▶ _Exercise_
Repeat only the lines from the one that contains "Happy mature lady" through the final line of the listing below, exactly, please, without pictures.

▶ _Material provided_
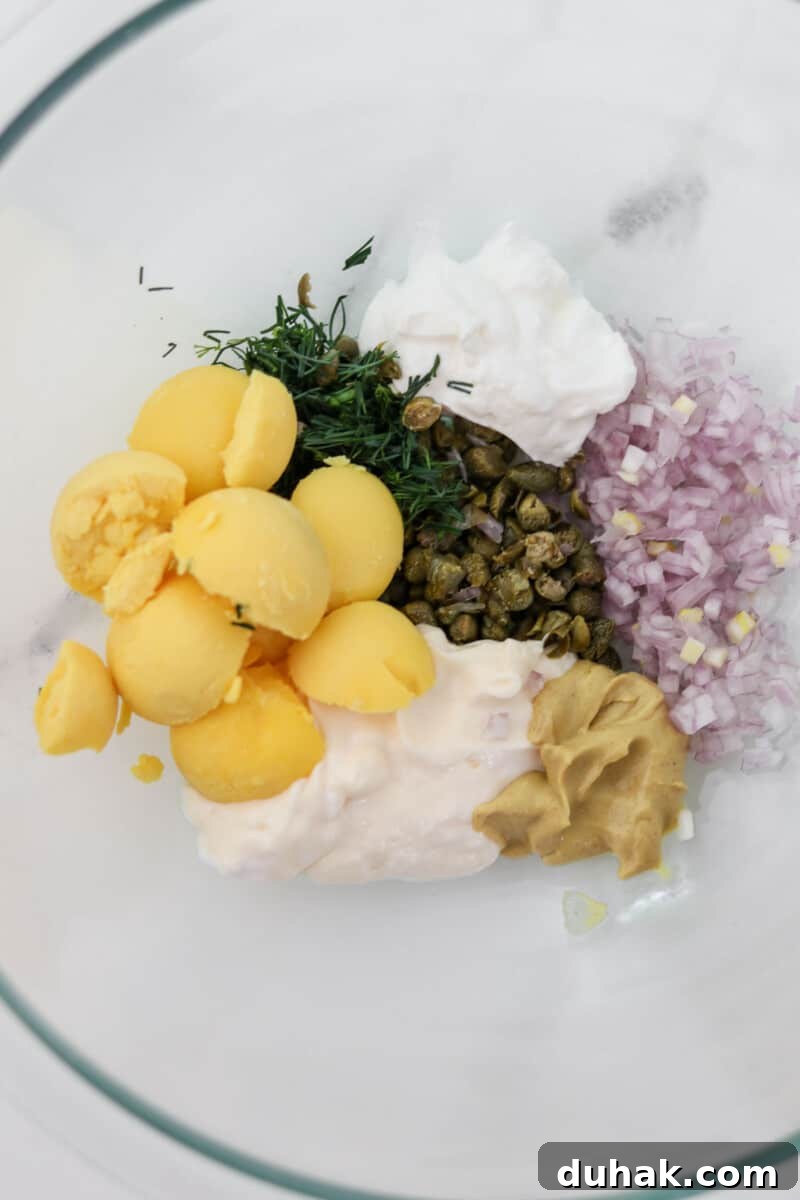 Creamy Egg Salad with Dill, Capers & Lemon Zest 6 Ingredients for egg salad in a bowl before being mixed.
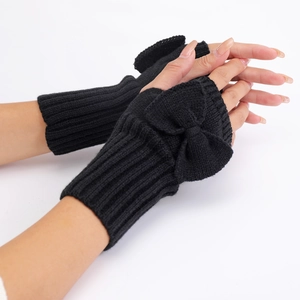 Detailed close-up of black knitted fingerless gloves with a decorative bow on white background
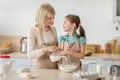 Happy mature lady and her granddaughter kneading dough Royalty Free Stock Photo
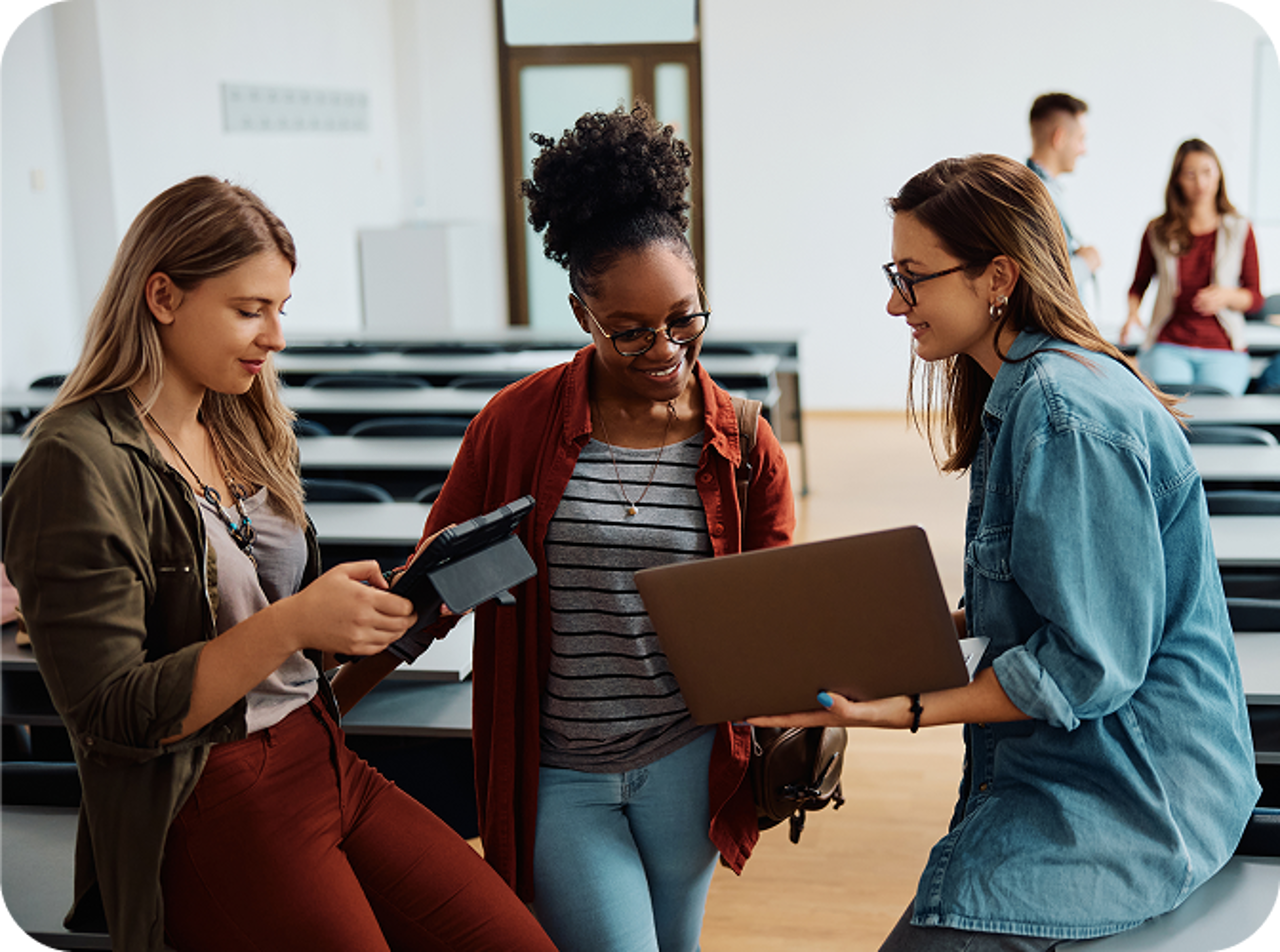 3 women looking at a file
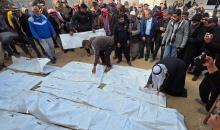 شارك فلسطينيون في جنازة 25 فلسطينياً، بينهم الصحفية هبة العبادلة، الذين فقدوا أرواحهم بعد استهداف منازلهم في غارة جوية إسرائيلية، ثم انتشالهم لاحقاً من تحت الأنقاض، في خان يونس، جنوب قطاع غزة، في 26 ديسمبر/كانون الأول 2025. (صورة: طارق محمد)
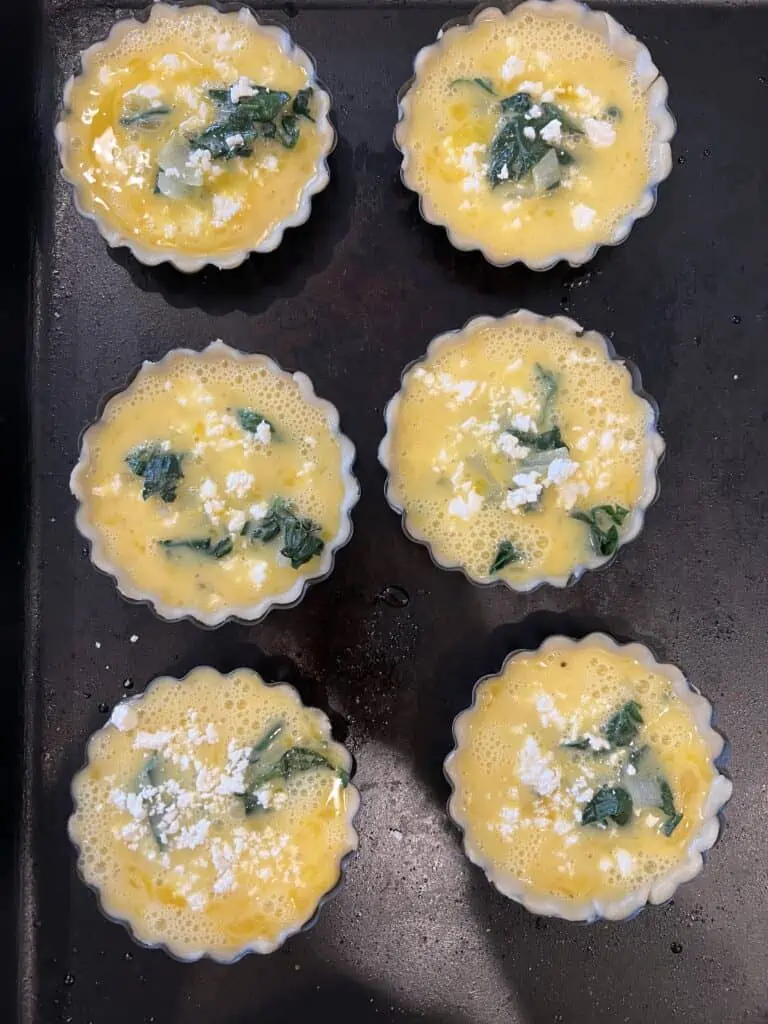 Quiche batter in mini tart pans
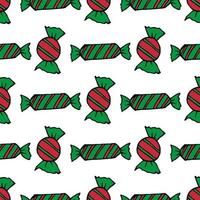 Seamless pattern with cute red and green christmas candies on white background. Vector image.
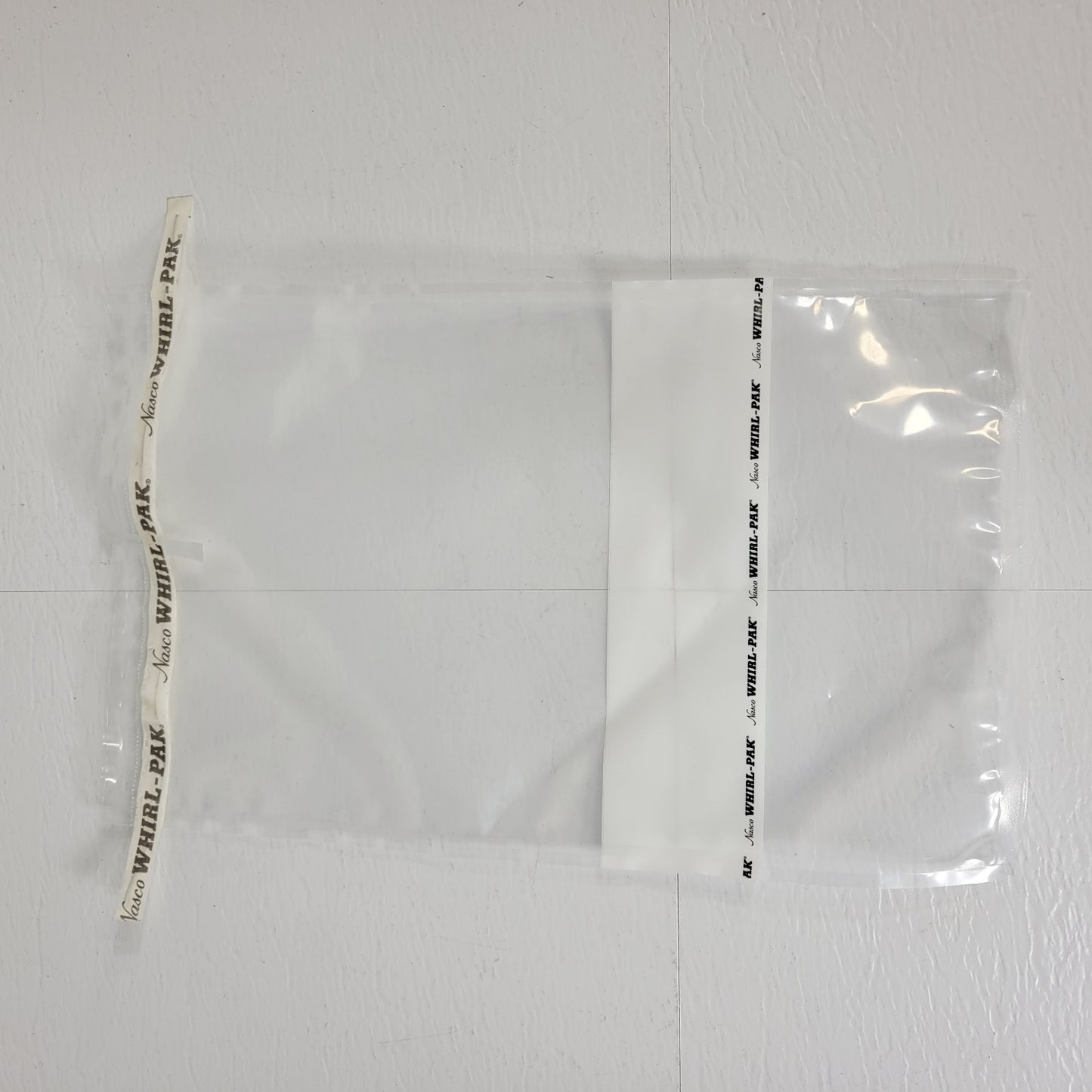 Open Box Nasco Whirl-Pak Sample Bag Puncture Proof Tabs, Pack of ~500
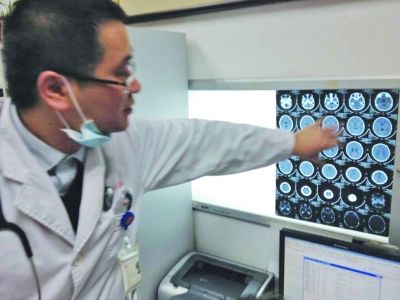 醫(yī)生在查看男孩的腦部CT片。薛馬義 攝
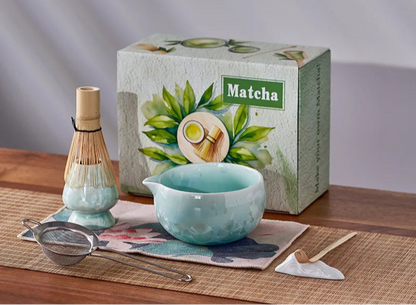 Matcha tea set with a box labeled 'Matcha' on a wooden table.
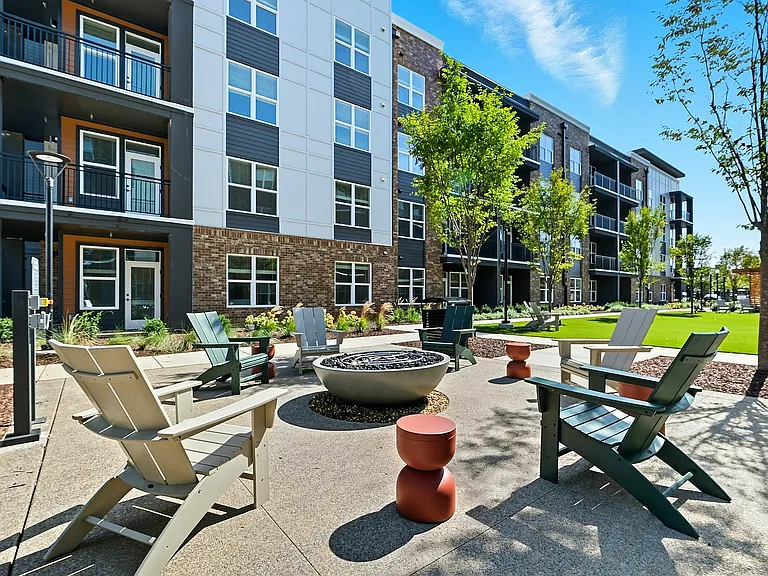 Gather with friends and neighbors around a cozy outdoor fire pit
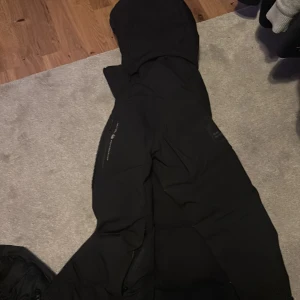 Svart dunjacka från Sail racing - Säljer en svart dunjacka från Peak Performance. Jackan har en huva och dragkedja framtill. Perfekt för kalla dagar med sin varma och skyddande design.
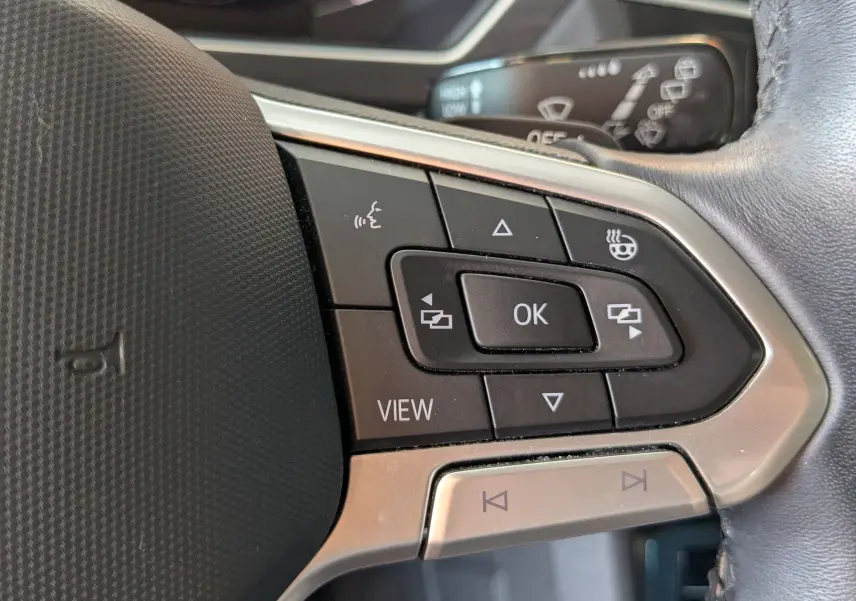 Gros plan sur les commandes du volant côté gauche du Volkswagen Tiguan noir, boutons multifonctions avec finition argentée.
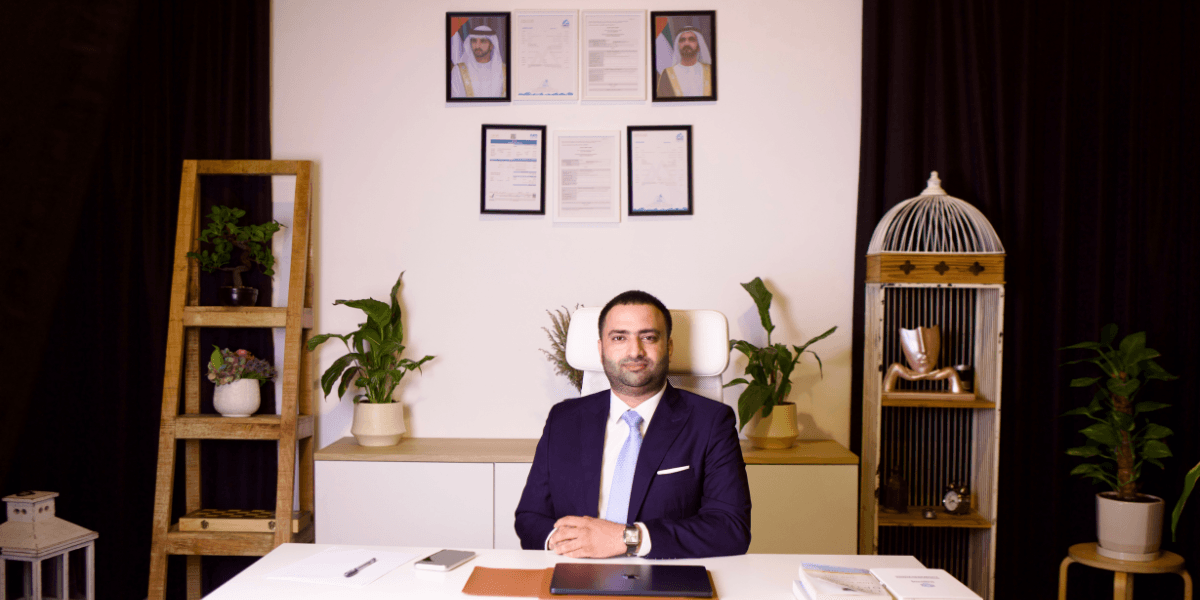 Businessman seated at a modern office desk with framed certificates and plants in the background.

▶ _Exercise solution_
 Happy mature lady and her granddaughter kneading dough Royalty Free Stock Photo
 3 women looking at a file
 شارك فلسطينيون في جنازة 25 فلسطينياً، بينهم الصحفية هبة العبادلة، الذين فقدوا أرواحهم بعد استهداف منازلهم في غارة جوية إسرائيلية، ثم انتشالهم لاحقاً من تحت الأنقاض، في خان يونس، جنوب قطاع غزة، في 26 ديسمبر/كانون الأول 2025. (صورة: طارق محمد)
 Quiche batter in mini tart pans
 Seamless pattern with cute red and green christmas candies on white background. Vector image.
 Open Box Nasco Whirl-Pak Sample Bag Puncture Proof Tabs, Pack of ~500
 醫(yī)生在查看男孩的腦部CT片。薛馬義 攝
 Matcha tea set with a box labeled 'Matcha' on a wooden table.
 Gather with friends and neighbors around a cozy outdoor fire pit
 Svart dunjacka från Sail racing - Säljer en svart dunjacka från Peak Performance. Jackan har en huva och dragkedja framtill. Perfekt för kalla dagar med sin varma och skyddande design.
 Gros plan sur les commandes du volant côté gauche du Volkswagen Tiguan noir, boutons multifonctions avec finition argentée.
 Businessman seated at a modern office desk with framed certificates and plants in the background.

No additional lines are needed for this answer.